Me: Ok. This swimsuit does nothing to flatter my bosom.
people misspelling definitely as defiantly is one of my pet hates however I do like seeing a status like “defiantly getting a chinese tonight” and imagining someone booting down the door of peking garden.
Imagine being a medium and having to talk to dead people as well as living people. That’s too many people.
[first date]
HER: So, tell me about yourself.
ME: *staring at my phone* Well for starters, I like to mind my own goddamn business.
Cinderella is my favorite story about choosing a spouse based on shoe size.
You know when kids get a break at school and they go to the playground and they just run around and scream?
I think I should be allowed to do that in the car park at work
last day before retirement cop: I’ve been shot!
suddenly encased in jelly cop: mmphht
It’s cute how I add this salad to my fitness app as my lunch like I didn’t pregame this sprig of kale with 4 grilled cheese sammiches, a cookie, and a chicken wing.
“As the crow flies” means something entirely different when it’s “in your living room” and you are “hiding in the closet with your cat.”
Date: Before you I had Brazilian boyfriends
Me: That’s not even a real number
me: i hope i die suddenly and without warning
friend: agreed when i’m old i hope it’s abrupt and not drawn out
me: old?
My favorite part of yard work is running over a toy with the lawnmower and watching it shoot across the yard.

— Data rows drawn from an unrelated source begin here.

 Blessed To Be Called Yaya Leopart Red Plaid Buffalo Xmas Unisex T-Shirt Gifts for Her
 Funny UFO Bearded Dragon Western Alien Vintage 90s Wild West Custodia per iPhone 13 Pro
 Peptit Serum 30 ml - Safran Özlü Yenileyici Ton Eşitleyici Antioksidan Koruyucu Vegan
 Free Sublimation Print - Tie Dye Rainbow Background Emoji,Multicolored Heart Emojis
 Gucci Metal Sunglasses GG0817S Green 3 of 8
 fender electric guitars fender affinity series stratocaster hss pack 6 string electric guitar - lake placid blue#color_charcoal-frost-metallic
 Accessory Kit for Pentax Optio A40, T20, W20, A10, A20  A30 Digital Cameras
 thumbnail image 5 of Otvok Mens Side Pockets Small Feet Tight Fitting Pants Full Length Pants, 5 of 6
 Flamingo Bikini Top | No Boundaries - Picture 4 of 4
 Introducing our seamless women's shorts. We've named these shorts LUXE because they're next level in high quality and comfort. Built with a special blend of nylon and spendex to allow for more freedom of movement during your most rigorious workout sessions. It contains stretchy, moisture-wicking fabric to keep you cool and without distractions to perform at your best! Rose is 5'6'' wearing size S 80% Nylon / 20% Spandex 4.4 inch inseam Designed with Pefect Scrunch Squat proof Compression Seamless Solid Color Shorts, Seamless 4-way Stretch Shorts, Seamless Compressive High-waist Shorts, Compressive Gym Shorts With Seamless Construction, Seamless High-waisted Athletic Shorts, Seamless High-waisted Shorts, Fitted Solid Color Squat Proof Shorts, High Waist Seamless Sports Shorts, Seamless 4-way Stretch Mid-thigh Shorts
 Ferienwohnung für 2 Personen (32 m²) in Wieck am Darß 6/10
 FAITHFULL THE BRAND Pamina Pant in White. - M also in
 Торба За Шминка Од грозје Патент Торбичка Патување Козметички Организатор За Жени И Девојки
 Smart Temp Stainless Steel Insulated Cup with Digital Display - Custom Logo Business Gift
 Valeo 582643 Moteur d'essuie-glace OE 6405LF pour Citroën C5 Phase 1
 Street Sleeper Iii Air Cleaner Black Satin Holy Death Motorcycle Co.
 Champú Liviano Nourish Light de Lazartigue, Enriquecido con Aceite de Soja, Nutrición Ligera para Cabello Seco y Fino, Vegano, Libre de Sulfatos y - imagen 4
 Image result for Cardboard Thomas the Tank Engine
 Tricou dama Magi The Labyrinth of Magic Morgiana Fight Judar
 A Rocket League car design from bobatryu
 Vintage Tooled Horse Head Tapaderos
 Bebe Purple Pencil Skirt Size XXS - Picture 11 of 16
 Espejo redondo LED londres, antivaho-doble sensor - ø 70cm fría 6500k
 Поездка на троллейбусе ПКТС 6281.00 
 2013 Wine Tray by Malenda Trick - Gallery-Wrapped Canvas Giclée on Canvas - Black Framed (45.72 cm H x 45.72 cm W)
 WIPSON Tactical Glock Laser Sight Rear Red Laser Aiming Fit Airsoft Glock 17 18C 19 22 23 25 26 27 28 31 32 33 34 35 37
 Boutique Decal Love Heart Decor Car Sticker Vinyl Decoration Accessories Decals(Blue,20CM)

Never gets old
“How much is that doggy in the window” is a dumb thing to write a song about. Just go ask one of the workers
“Daddy, why is it dark at night?”
It gives the ghosts and zombies a time to run around and collect little kids. Goodnight, hunny.
“Behold, a 3 headed cat” “um, its just 3 cats taped together” “Behold, a 12 legg…*tape rips, one cat runs away*..errr 8 legged cat.”
What wine pairs best with finding out my in-laws are staying a day longer than I thought
Watching married people in love on twitter is so refreshing…
It would be even more refreshing, if they were married to eachother
Kids are away so I’m taking my wife out tonight.
-Like with an assassin or are you doing it yourself?
Um, like…to dinner.
-Cool, cool.
[Hospital Parking Lot]
Me: I thought we were here to get your X Ray back.
Friend: Yeah *slashing tires* this is his car.
roses are black. so is my heart. me and fries. till death do us part.
*crashes your wedding
Why aren’t you answering my DM?!
A missing 3YO was found inside a bowling alley claw game. After many failed attempts to get him out, police just settled on the turtle doll.